Los cuadros y esculturas de Koons son siempre adquiridos por cifras vertiginosas, a pesar de que en ocasiones se trate casi de esa idéntica obra.


Solo hay un artista que supere los precios de Jeff Koons: el propio Jeff Koons. De hecho, en cada nueva venta, en cada nueva subasta, Koons se convierte en el protagonista de una carrera sin freno que a nadie parece asombrar demasiado por lo repetido del fenómeno. Sus cuadros y esculturas son siempre deseados y adquiridos por cifras vertiginosas, a pesar de que en ocasiones se trate casi de esa idéntica obra: obras con algo de trabajos en serie que él mismo busca y manufactura. De hecho, desde que hace su aparición —triunfal— a mediados de los ochenta, en una escena neoyorquina muy contaminada por el warholismo y lo que este significa en cuanto a apropiaciones se refiere, la crítica se divide de forma rabiosa entre quienes le aman y quienes le desprecian y hasta quienes quieren buscar significados ocultos en sus propuestas.

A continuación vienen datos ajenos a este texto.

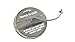 Mopar Part 52030387AB Fuel Filler Cap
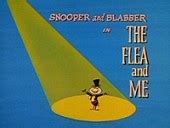 Snooper and Blabber Episode Guide -Hanna-Barbera | Big Cartoon DataBase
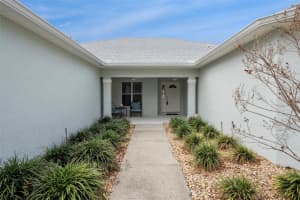 26821 AUGUSTA SPRINGS CIRCLE, LEESBURG, FL 34748 - MLS#MFRG5105520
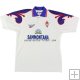 Camiseta del Fiorentina Retro 2ª Equipación 1995/1996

Koons se apresura a contradecirlos. Como Warhol dijera que no había nada debajo de la superficie de sus pinturas y sus películas, Koons advierte que no es preciso perseguir significaciones ocultas en su producción: no existen. Debajo de la repetición, la apropiación, el kistch y hasta el mal gusto sin paliativos no hay nada más que lo aparente. No parece mucho, desde luego.

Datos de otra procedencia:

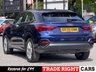 USED 2020 70 AUDI Q3 1.5 TFSi CoD 35 Sport [Nav] Sportback 5dr VIRTUAL COCKPIT | 18" ALLOYS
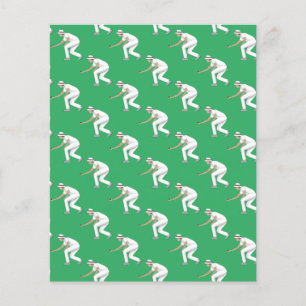 Papier Pelouse Bowls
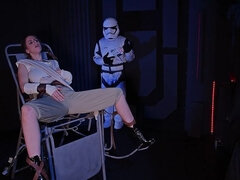 Kont, Kont naar mond, Sperma in gezicht, Hakken, Interraciaal, Natuurlijke tieten, Orgasme, Kut duiken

Entonces, ¿qué busca el público en este artista que, pese a todo, parece haber envejecido mal con un regusto demasiado ochentero? El público busca tal vez ya muy poco al margen de la noticia en las subastas que se van sucediendo. La pregunta debe quizás ser otra: ¿por qué fascina tanto al big money Jeff Koons? La respuesta no parece desde luego obvia, más allá de un fenómeno claro: el mercado, caprichoso y voraz, suele mantener arriba lo que está arriba y a veces, muchas veces, lo sigue lanzando más arriba si cabe. Pero, ¿qué ha catapultado a Koons hasta lo más alto? En el fondo, no fascinan sus obras de regusto pop, ni las esculturas irónicas, ni esas pinturas que, por muy emblemáticas que sean, no siempre son tan especiales o dignas siquiera de que se les dedique una mirada. Quizás lo que fascina al público y, sobre todo, a las grandes fortunas, sea su fórmula con algo de performance cada vez. Y no me refiero solo a aquellas míticas fotos con Cicciolina que recorrieron el planeta en su momento auspiciando algo tenebroso del mundo actual, lo banal de la política y a veces hasta del arte.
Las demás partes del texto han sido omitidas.